» **Activity**: A picture-free, exact transcript of the entries below is required.

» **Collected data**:

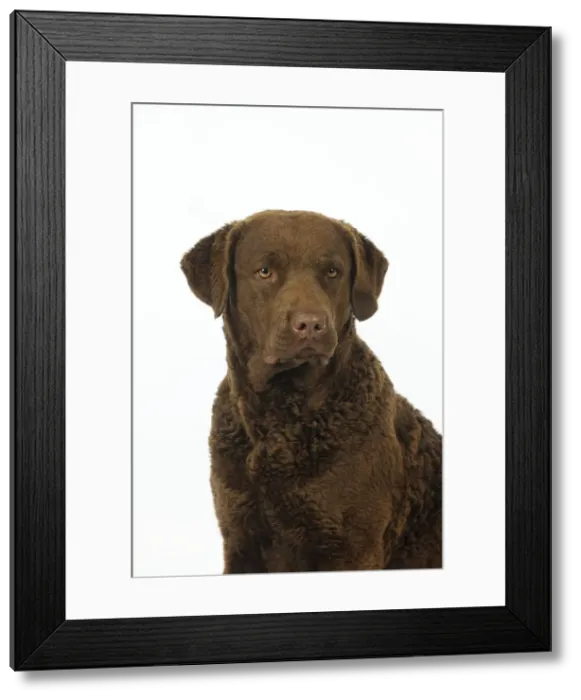 Framed Print : Picture No. 10747953 Framed Print : Picture No. 10747953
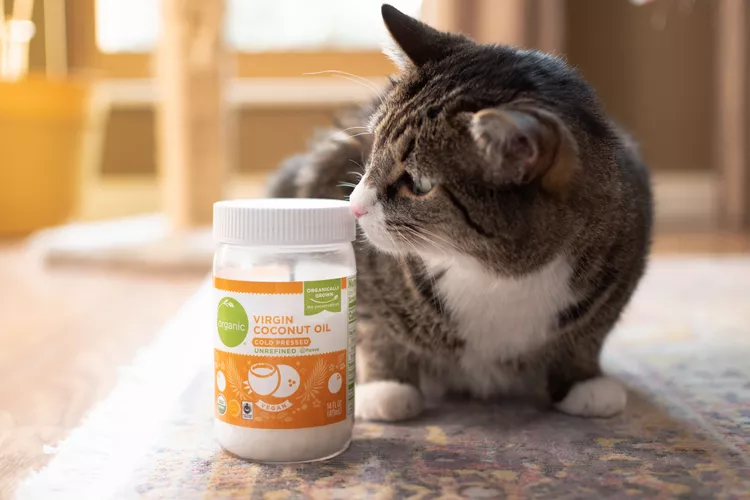 Is Coconut Oil Safe for Cats?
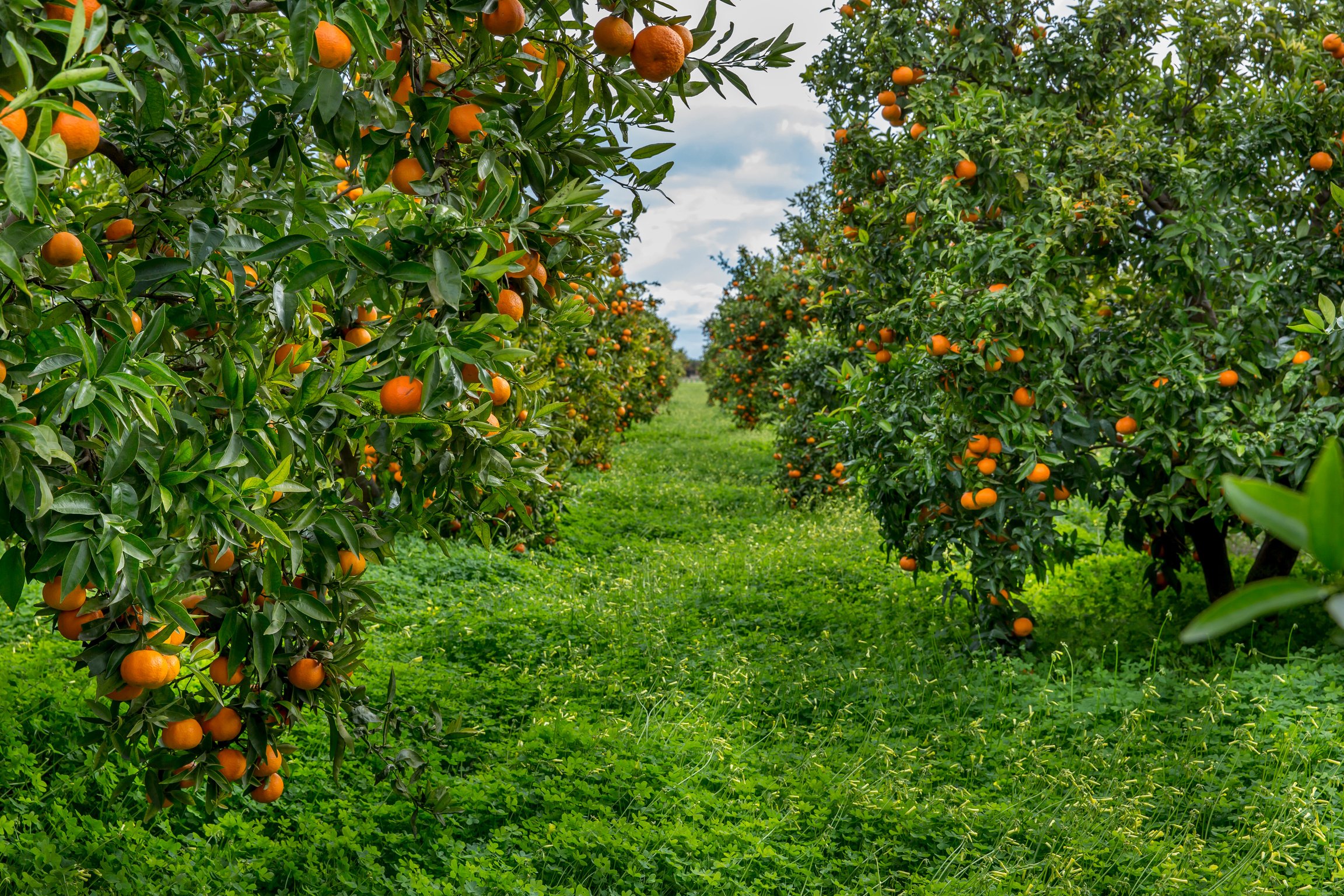 Oranges field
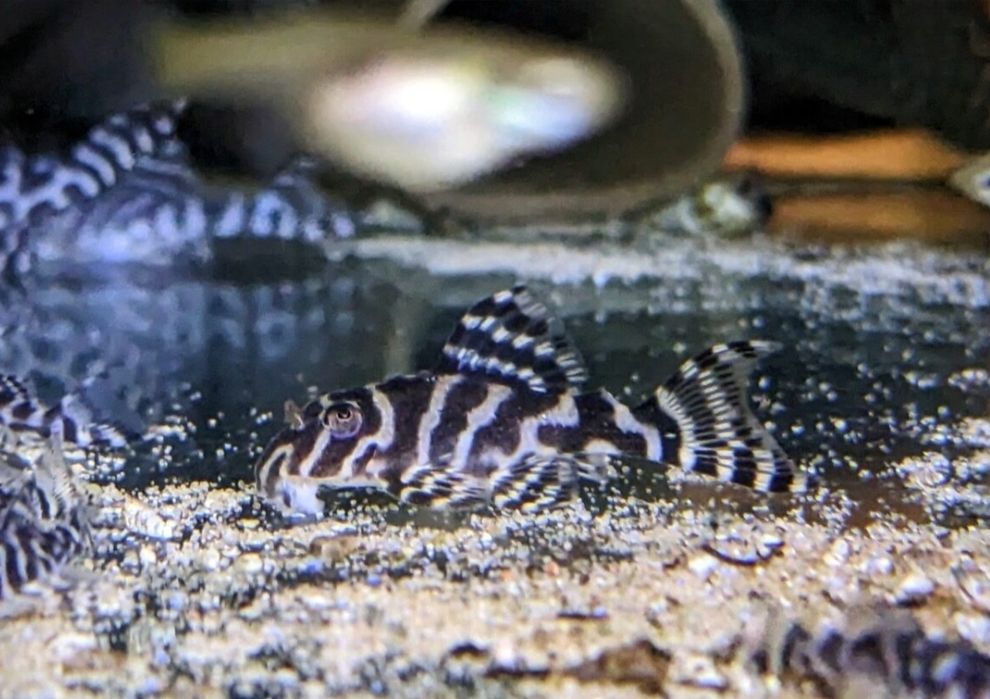 Ancistrus pleco L33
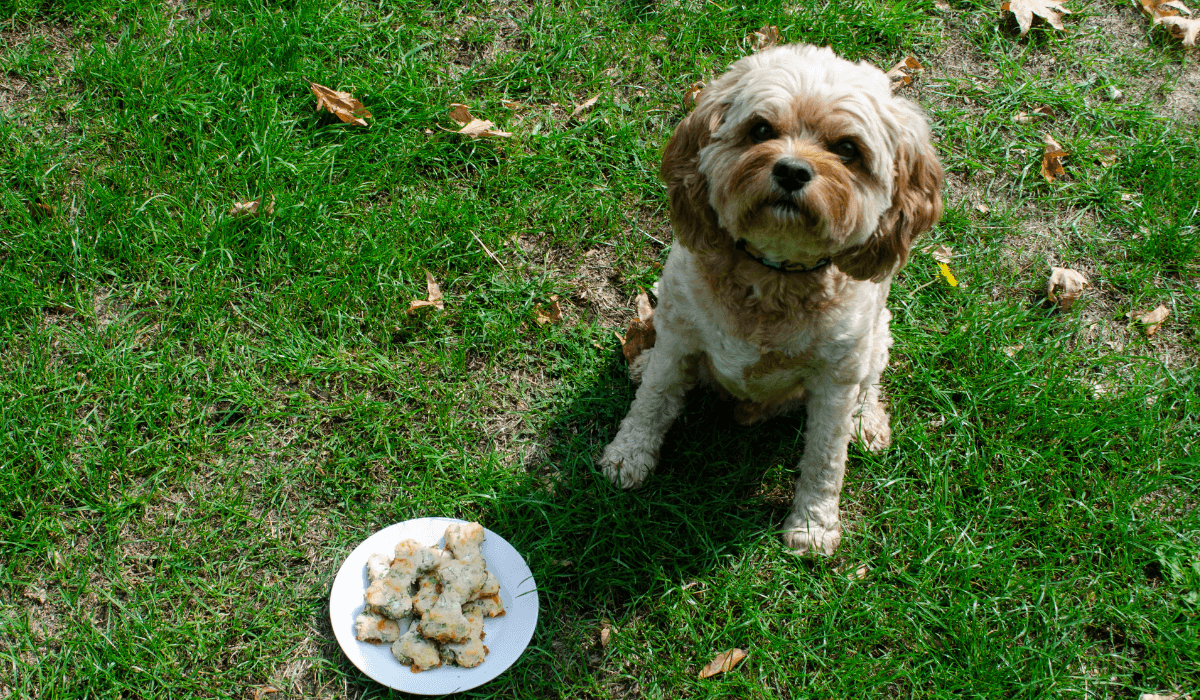 A fluffy, cute dog sits next to a plate of Cheese and Parsley Biscuits waiting to taste test!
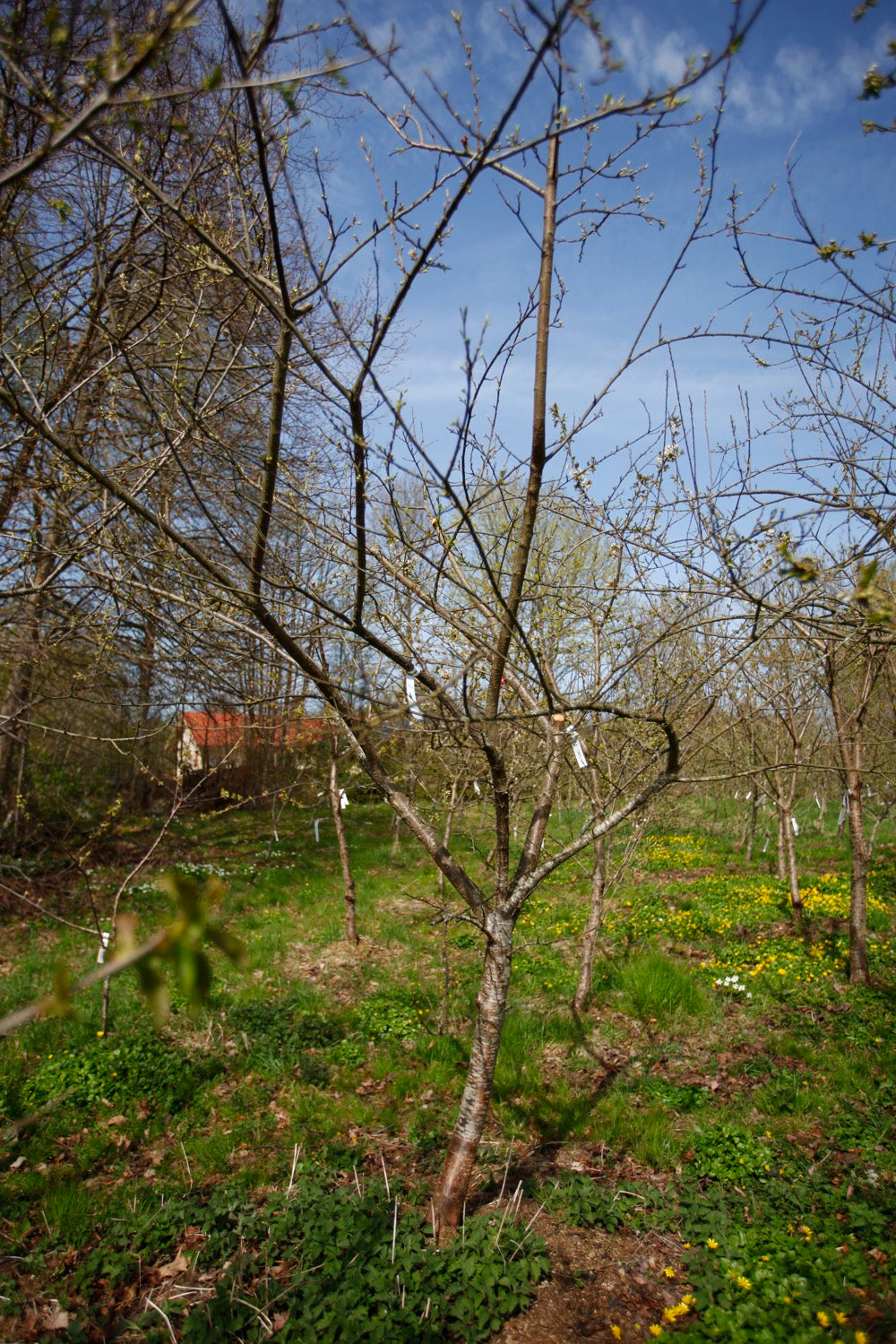 Reine Claude Violette I – Stort Plommonträd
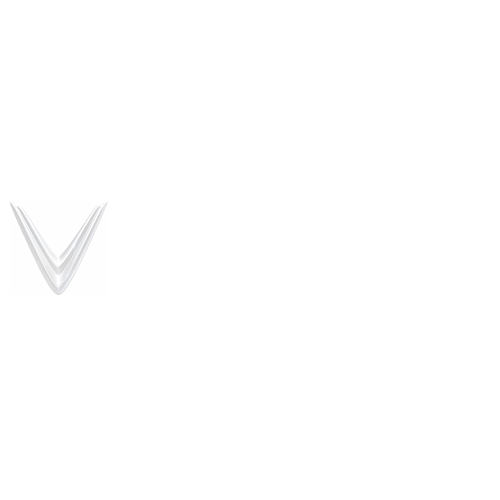 vinfast logo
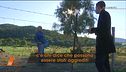 Giallo Caronia, la collina degli animali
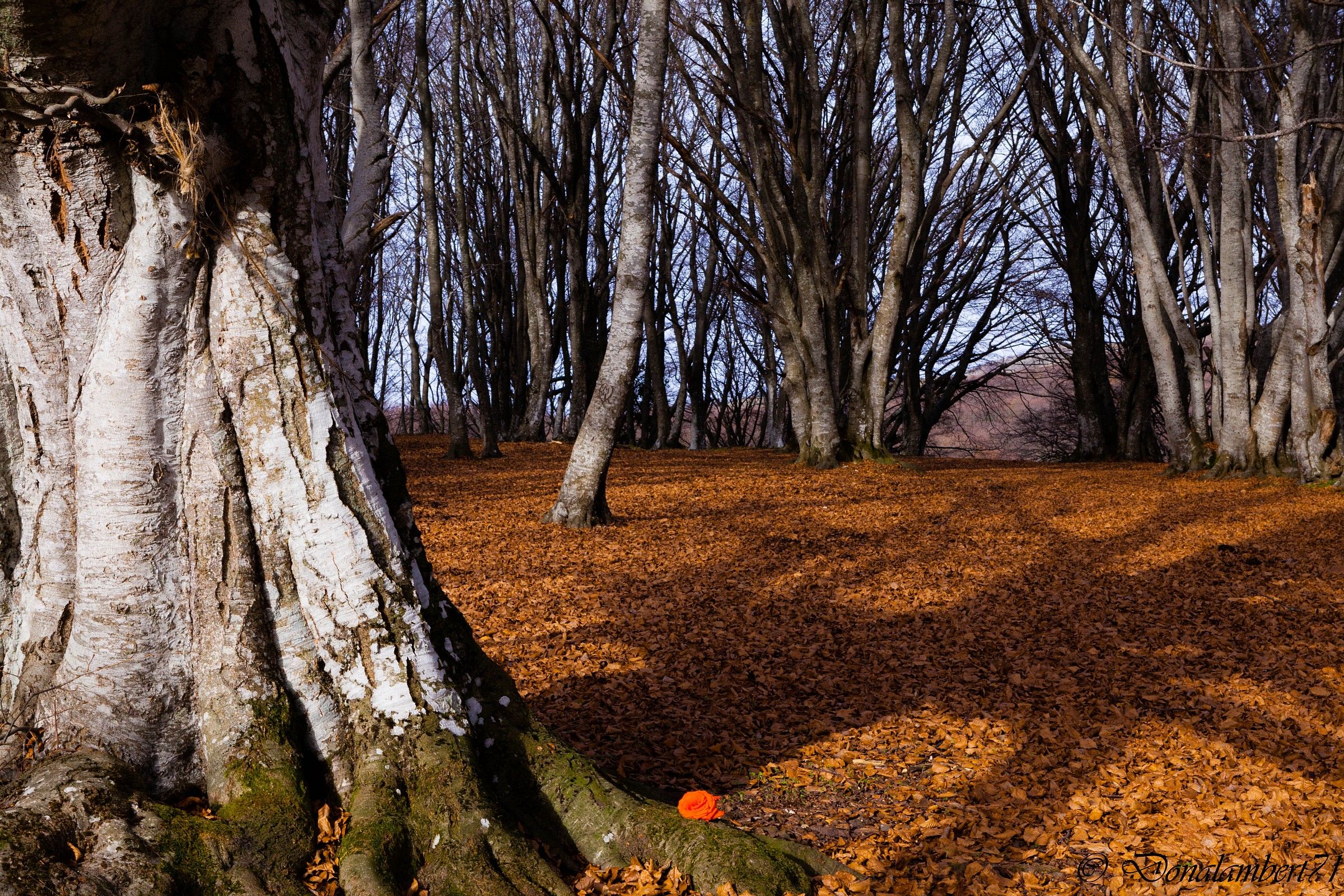 Forest in autumn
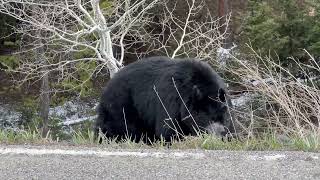 Yellowstone black bears.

» **Answer space**:
 Framed Print : Picture No. 10747953 Framed Print : Picture No. 10747953
 Is Coconut Oil Safe for Cats?
 Oranges field
 Ancistrus pleco L33
 A fluffy, cute dog sits next to a plate of Cheese and Parsley Biscuits waiting to taste test!
 Reine Claude Violette I – Stort Plommonträd
 vinfast logo
 Giallo Caronia, la collina degli animali
 Forest in autumn
 Yellowstone black bears.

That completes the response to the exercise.